• _Input material_:
+++
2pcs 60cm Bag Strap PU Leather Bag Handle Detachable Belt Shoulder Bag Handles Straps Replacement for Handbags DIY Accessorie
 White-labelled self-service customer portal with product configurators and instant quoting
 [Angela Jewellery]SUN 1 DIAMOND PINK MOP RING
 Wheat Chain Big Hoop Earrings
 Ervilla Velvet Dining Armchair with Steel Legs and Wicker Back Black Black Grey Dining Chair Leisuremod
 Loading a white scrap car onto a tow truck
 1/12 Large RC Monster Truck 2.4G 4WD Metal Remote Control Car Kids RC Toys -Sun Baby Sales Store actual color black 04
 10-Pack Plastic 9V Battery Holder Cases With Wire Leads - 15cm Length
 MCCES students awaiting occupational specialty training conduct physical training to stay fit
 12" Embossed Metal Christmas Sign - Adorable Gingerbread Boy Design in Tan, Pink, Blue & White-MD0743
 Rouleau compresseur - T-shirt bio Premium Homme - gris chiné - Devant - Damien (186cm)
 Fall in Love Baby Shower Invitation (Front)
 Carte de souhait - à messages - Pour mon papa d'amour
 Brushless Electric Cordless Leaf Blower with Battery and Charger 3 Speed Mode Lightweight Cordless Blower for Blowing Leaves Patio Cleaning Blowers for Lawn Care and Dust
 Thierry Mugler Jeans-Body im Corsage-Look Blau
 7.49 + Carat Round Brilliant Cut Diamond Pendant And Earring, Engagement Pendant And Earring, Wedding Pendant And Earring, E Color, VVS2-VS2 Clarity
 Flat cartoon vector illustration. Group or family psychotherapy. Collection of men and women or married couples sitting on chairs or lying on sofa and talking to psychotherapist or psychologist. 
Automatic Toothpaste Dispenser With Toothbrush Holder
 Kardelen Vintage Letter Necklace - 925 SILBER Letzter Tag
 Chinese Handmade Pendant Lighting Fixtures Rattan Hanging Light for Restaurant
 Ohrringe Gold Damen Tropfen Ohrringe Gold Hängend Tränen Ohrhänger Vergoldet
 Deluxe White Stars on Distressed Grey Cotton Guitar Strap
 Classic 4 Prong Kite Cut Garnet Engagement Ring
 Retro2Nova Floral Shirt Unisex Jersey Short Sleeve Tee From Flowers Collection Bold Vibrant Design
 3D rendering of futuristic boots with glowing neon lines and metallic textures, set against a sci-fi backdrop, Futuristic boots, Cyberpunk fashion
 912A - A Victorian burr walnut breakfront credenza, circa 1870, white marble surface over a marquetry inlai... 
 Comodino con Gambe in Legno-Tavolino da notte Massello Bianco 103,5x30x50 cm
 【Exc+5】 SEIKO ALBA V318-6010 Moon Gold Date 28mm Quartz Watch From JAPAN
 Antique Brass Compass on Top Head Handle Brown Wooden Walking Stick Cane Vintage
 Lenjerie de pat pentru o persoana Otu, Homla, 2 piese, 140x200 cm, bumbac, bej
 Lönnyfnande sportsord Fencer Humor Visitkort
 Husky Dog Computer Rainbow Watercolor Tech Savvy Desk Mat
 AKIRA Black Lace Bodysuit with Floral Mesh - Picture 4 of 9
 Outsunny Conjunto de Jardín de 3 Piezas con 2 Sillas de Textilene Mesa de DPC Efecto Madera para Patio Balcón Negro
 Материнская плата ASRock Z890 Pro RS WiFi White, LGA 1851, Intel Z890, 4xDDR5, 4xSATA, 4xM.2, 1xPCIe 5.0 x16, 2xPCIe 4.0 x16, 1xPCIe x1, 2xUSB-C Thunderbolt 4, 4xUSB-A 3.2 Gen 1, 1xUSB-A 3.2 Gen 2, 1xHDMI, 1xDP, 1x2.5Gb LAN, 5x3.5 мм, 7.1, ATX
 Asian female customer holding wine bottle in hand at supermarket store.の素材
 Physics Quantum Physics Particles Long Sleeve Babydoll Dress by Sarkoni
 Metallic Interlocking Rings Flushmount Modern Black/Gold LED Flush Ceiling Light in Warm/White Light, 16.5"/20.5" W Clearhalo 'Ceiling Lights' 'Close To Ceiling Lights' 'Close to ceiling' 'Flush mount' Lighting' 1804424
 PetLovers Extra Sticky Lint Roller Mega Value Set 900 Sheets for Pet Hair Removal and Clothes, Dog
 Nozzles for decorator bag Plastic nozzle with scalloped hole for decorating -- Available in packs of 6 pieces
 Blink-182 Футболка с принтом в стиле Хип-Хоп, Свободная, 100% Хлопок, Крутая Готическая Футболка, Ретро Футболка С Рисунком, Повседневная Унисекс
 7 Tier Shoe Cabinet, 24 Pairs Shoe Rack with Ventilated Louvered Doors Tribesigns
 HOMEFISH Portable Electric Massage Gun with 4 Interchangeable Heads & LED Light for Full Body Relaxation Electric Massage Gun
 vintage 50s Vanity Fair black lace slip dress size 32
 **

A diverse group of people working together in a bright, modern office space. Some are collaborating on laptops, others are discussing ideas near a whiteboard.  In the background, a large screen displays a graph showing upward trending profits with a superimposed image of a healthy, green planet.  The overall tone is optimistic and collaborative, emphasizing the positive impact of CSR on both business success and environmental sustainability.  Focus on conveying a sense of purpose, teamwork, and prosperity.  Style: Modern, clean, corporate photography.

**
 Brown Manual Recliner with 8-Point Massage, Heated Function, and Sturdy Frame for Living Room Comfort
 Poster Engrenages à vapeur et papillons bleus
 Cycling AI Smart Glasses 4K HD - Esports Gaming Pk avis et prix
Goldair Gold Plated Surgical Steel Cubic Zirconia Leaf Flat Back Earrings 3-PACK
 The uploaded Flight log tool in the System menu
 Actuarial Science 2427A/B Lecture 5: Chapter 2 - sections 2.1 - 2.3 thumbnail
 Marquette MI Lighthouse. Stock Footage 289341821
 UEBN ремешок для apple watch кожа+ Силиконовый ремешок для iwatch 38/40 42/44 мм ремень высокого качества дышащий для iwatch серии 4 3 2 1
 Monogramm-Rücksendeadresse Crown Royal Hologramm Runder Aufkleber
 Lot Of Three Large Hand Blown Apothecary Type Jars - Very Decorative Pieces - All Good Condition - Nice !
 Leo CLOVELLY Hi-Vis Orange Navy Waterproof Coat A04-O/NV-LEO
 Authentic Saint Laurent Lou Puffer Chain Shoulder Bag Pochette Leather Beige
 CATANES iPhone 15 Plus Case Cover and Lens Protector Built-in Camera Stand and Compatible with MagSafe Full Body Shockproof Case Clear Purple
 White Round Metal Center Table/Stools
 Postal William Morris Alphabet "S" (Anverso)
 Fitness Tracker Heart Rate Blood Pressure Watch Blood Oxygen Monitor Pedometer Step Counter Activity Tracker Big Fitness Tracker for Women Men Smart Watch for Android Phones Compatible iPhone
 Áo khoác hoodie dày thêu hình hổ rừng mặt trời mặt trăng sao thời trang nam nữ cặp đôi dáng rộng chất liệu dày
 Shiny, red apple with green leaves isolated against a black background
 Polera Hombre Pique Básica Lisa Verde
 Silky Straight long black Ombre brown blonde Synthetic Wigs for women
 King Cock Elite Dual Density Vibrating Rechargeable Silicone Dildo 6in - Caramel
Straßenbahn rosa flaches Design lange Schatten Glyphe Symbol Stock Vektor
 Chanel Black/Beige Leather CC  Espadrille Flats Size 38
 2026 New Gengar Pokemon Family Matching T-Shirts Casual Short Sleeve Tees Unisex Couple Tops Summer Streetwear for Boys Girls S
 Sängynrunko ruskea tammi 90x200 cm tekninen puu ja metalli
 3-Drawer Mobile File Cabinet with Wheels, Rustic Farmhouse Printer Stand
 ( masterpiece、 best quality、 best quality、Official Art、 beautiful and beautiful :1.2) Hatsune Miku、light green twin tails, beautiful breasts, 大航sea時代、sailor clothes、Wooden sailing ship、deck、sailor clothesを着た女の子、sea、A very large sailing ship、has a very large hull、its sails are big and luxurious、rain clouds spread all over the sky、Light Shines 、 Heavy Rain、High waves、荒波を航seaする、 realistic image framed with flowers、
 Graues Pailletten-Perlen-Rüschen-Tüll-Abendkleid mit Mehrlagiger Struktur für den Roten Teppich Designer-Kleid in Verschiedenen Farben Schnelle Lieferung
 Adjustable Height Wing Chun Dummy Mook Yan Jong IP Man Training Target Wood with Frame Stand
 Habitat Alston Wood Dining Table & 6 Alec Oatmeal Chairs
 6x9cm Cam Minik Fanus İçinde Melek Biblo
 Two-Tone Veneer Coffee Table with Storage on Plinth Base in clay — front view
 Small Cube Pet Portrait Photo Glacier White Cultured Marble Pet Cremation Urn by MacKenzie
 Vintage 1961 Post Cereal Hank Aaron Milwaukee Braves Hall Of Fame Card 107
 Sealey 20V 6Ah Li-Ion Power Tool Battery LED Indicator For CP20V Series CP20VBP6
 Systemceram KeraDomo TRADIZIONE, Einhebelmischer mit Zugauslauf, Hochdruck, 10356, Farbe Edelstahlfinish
+++
• _What is being asked_: Report each line of the material in which the string "Electric" occurs.

• _Result of the task_:
 Brushless Electric Cordless Leaf Blower with Battery and Charger 3 Speed Mode Lightweight Cordless Blower for Blowing Leaves Patio Cleaning Blowers for Lawn Care and Dust
 HOMEFISH Portable Electric Massage Gun with 4 Interchangeable Heads & LED Light for Full Body Relaxation Electric Massage Gun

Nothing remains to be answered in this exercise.